For the tattoo you're plotting on your vertebrae, or the paragliding flight off the cliffs
at Fort Funston, or the two thousand miles of a bike path along the Mississippi
that you conjure from your window seat at 30,000 feet and say, "Why not?" as your neighbor
polishes off the last pages of a romance novel. Surely, someone deemed improbable
the dream that led two people to meet each other in that big house in suburban New Jersey,
on a holiday weekend no less.

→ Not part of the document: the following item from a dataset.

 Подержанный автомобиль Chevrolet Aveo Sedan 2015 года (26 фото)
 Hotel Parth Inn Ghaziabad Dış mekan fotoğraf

But the math, eventually, pierced through all that
unlikelihood, just as every ambition gripping you with its wild, tentacled longing
cuts through the thickest glass, even as the signs warn otherwise. Your language
has its own cadence. You lean on certain words, luxuriate over particular consonants.
So, too, does desire. Mapless to everyone but the girl with her heart on the trail.

July 11, 2017

too early for peaches

It is summer, inarguably, and the line for ice cream curves into the parking lot
even as a thunderstorm looms. Weekends, smoke wafts from neighborhood grills
and the front display at the CVS is a bright Pantone of sunscreen. Nevertheless,
something pulls at you, a memory willful as a teenager. Flesh yielding to your teeth. 
The blush of softness in your hands. The defiance and purity of your hunger.
Sometimes, you don't know what to do with that voice at the back of your throat,
the one that speaks what your tongue won't say. The one that howls for the taste
of peaches as you take your place for a sugar cone and a hamburger, medium-well.
And yet, there is no shortcut to the harvest, no quicker season to the fruit of your own
becoming, sweetened by time as it is.